The governor’s election in Mississippi tomorrow will be the Republicans’ first major opportunity to test how much voters care that Democrats are filibustering some of President Bush’s judicial nominations.

If the issue sticks, Republicans are ready with blocked nominees — several representing the Democratic Party’s most crucial constituencies — to use as the faces of what they call “Democratic obstruction” in next year’s presidential and senatorial elections.

Republicans are quick to tick off the list of blocked nominees, including several women, two blacks, a Hispanic, a man of Arabic descent and two Southern whites — one a Baptist and the other a Catholic.

Blacks and women — along with Hispanics and Catholics to a lesser degree — make up critical portions of the Democratic voting base.

“Radical liberals have long fancied themselves as the champions of women and minorities in this country, and I have no doubt that many on the left do strive for the equality of all Americans,” said Sen. Jim Bunning, Kentucky Republican.

“A conservative Hispanic or conservative woman or conservative Arab or conservative black woman or conservative religious man is anathema to their dominance of these issues,” he said on the Senate floor last week. “Rather than celebrating the achievements of these gifted human beings, these ultraliberals would rather defame their characters and demagogue their beliefs.”

Republicans say Democrats cannot countenance diversity of opinion within minority groups that traditionally have supported them. Also, Republicans accuse Democrats of fearing that they might lose their grip on minority groups if Republicans are allowed to promote them to high-profile positions.

Anticipating the attacks, Sen. Patrick J. Leahy, Vermont Democrat and ranking member of the Judiciary Committee, told Republicans to “not stoop to name-calling.”

“Let the right-wing tactic of smears and name-calling subside and disappear,” Mr. Leahy said in a prepared statement. “Let us not see the race card dealt from the shameful deck of unfounded charges that some stalwarts of this president’s most extreme nominees have come more and more to rely upon as they further inject partisanship and politics into the appointment and consideration of judges to sit on the independent federal judiciary.”

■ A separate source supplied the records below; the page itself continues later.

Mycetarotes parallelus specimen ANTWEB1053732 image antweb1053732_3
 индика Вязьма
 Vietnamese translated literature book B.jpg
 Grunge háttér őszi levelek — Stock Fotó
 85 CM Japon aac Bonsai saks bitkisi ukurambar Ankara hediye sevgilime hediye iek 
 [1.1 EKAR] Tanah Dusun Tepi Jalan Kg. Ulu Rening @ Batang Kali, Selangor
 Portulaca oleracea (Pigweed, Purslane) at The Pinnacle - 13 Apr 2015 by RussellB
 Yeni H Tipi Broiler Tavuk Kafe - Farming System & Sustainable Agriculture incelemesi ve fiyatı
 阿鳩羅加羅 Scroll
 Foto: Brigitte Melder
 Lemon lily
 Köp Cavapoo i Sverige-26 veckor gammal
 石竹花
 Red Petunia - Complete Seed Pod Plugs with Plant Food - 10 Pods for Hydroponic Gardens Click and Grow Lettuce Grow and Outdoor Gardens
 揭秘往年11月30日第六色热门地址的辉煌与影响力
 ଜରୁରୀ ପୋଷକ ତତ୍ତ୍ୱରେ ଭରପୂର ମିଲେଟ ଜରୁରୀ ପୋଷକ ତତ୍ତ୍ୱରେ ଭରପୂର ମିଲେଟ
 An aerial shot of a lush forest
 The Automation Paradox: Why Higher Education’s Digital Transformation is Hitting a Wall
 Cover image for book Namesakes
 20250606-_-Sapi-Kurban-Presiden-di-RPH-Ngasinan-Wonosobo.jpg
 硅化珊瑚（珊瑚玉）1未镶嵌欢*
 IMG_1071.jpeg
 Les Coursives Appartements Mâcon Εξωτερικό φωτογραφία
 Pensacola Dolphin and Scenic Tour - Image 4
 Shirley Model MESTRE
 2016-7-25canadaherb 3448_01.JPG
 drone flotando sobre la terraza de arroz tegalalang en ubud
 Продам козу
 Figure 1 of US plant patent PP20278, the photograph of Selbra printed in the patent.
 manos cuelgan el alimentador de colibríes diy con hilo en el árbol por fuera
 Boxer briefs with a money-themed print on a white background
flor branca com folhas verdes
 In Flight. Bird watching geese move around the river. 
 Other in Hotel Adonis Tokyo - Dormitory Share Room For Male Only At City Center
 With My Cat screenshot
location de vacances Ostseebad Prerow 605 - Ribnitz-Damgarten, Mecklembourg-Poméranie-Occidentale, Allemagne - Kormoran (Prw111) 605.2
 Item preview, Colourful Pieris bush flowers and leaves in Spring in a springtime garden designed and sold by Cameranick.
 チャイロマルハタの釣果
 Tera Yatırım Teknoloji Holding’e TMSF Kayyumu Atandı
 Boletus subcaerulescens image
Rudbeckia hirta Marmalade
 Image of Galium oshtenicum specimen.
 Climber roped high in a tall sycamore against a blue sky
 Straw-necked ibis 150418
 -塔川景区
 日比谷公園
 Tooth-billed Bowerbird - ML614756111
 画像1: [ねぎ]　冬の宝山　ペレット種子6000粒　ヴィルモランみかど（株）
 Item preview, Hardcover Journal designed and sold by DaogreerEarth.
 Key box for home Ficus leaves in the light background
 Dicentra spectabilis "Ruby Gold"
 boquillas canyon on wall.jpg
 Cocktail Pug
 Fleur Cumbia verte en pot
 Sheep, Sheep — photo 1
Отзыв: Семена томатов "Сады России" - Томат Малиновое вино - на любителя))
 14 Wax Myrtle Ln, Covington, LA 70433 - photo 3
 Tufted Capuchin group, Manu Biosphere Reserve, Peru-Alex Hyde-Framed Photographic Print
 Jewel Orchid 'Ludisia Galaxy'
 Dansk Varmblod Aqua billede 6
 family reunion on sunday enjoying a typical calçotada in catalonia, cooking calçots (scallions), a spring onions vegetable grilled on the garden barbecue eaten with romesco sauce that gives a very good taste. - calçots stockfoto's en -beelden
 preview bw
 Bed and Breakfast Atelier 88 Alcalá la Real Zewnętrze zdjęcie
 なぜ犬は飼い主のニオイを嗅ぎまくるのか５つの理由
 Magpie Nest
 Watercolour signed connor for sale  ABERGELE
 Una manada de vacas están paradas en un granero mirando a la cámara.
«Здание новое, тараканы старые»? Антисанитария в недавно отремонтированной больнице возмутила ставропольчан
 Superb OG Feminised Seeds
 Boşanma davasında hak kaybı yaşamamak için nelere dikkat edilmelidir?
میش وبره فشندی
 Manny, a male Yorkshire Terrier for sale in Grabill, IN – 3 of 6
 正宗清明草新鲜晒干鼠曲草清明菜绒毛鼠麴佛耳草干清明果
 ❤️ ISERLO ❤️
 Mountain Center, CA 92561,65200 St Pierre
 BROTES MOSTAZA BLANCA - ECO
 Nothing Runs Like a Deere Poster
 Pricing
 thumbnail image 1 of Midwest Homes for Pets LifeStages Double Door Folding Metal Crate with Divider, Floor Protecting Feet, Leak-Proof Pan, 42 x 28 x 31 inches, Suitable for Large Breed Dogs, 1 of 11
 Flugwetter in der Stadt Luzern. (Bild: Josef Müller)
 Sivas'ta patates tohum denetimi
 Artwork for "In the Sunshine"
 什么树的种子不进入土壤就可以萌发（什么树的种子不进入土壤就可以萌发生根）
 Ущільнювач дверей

Republicans already raised the ire of Democrats when supporters of Alabama Attorney General William H. Pryor, a devout Catholic nominated to the 11th U.S. Circuit Court of Appeals and filibustered by Democrats, published an ad showing the front doors of a courthouse with a sign reading: “Catholics need not apply.”

In Mississippi, Republicans used last week’s Democratic filibuster of the nomination of lifelong Mississippian Judge Charles W. Pickering Sr. to the federal bench against Democratic Gov. Ronnie Musgrove in the governor’s race.

“They have one thing against Charles Pickering, and this is the story of the Democratic Party today,” said Haley S. Barbour, Mr. Musgrove’s Republican challenger. “Charles Pickering is being filibustered because he is a conservative, pro-life, Republican Christian. This is just a reminder of the difference between Republicans and Democrats.”

Mr. Musgrove, who supports Judge Pickering’s nomination to the 5th U.S. Circuit Court of Appeals, released a letter urging his approval.